Костя Горелик говорил, что студентам подходить к доске приказов на полуэтаже можно было только втроем, чтобы двое могли поддержать третьего, когда он прочтет в приказе о своем исключении.
Но мы как-то не боялись за себя. Нам тогда казалось, что у каждого попадающего под удар должен был быть хоть какой-нибудь, хотя бы пустячный изъян с точки зрения партии: рассказывал анекдоты, дружил с кем не надо. Мы не дружили с кем не надо. Насчет анекдотов особенно не грешили, да они и сильно поубавились за последние два-три года; а если иногда и говорили что-нибудь предосудительное, то только среди верных друзей.
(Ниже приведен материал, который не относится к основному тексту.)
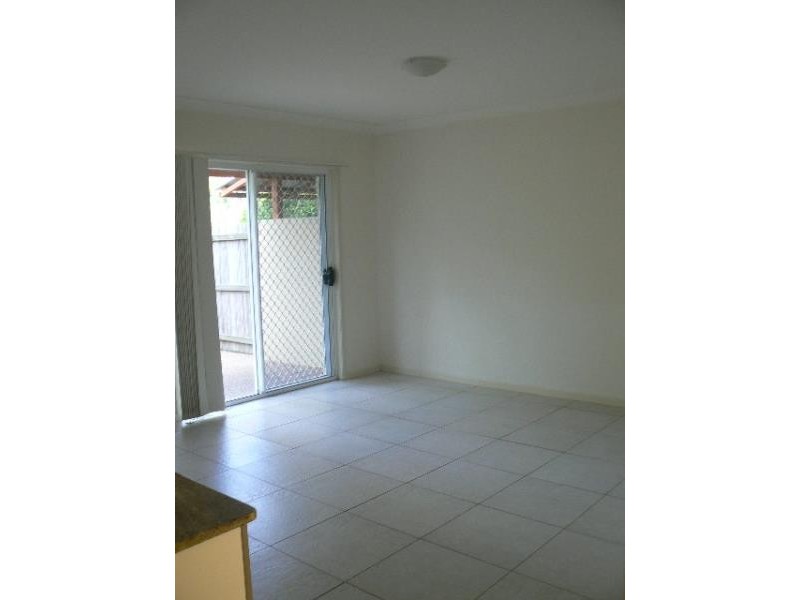 Unit 8/58 Stephensen Stree, Scarness QLD 4655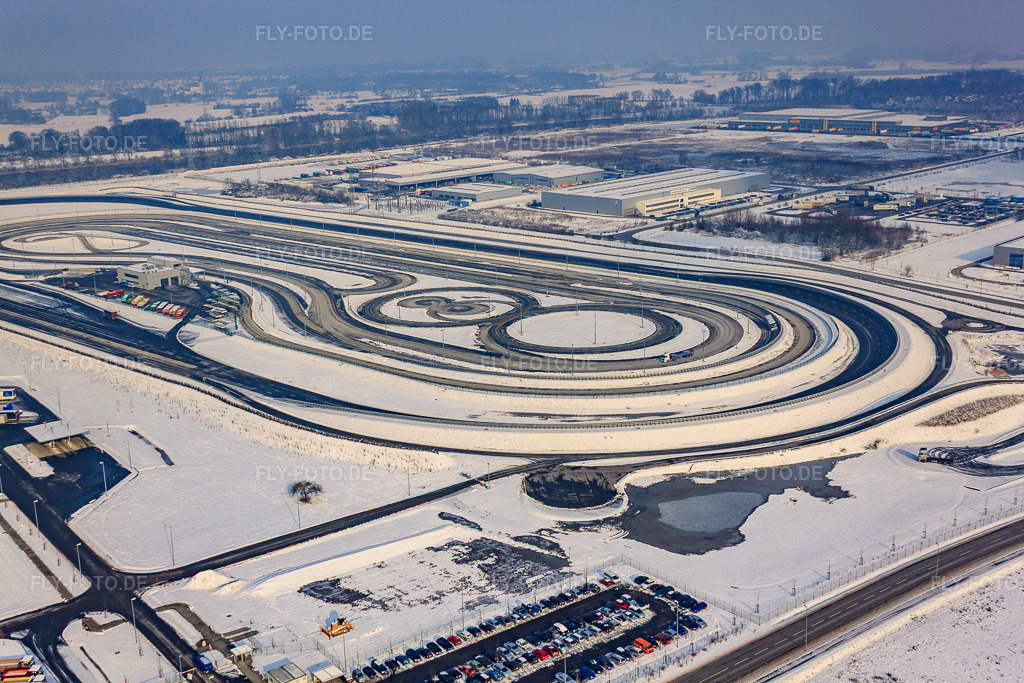 Luftbild: Industriegebiet Oberwald, Daimler LKW-Teststrecke im Winter bei Schnee in Wörth am Rhein im Bundesland Rheinland-Pfalz in Deutschland. Foto: IMG_23947.jpg vom 27.01.2010 durch Werner Riehm/FLY-FOTO.de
Между тем, люди и шутили. Всплыл старый анекдот о постановке оперы «Гугеноты» в еврейском театре, где якобы был такой дуэт:
«— Вам зовут из подземелья!
— Кого? Мине? Чичас!»
(..) Все шло еще не так плохо, и макаберная наркомовская чехарда и даже деятельность Моргена нас вроде бы не касалась. Но в середине июня я подошел, по привычке, к доске, где выклеивались газеты — на 8-й Советской, около Мальцевского (Некрасовского) рынка — и на первой странице прочел невероятное. Это было краткое правительственное сообщение: были преданы суду как шпионы и агенты империализма Тухачевский, Егоров, Уборевич, Якир… Маршал Тухачевский, герой гражданской войны, приведший Красную Армию под стены Варшавы!.. Невероятно! Маршал Егоров! Уборевич! Якир! Гамарник!
Тут же состав суда: ближайшие товарищи — маршал Ворошилов, маршал Буденный, маршал Блюхер, командующий воздушными силами Я. Алкснис. «Приговор приведен в исполнение». Что же происходит с нашей армией, которая, как нас учили, «всех сильней»?
.. Мы войны не хотим, мы в бою победим,
Ведь к войне мы готовы недаром,
И на вражьей земле мы врага разгромим
Малой кровью, могучим ударом!
Эта много раз петая песня была почти дословной цитатой из съездовских речей 1934 г. Сталина — и Ворошилова, того самого Ворошилова:
Ведь с нами Ворошилов, первый красный офицер,
Сумеем кровь пролить за РСФСР…
Мне, конечно, не снилась и тысячная доля той беды, которая от этого газетного сообщения обрушилась на нашу армию и на каждого, без исключения, каждого из нас. В нем было заложено отступление 1941 г. с его миллионными потерями в людях.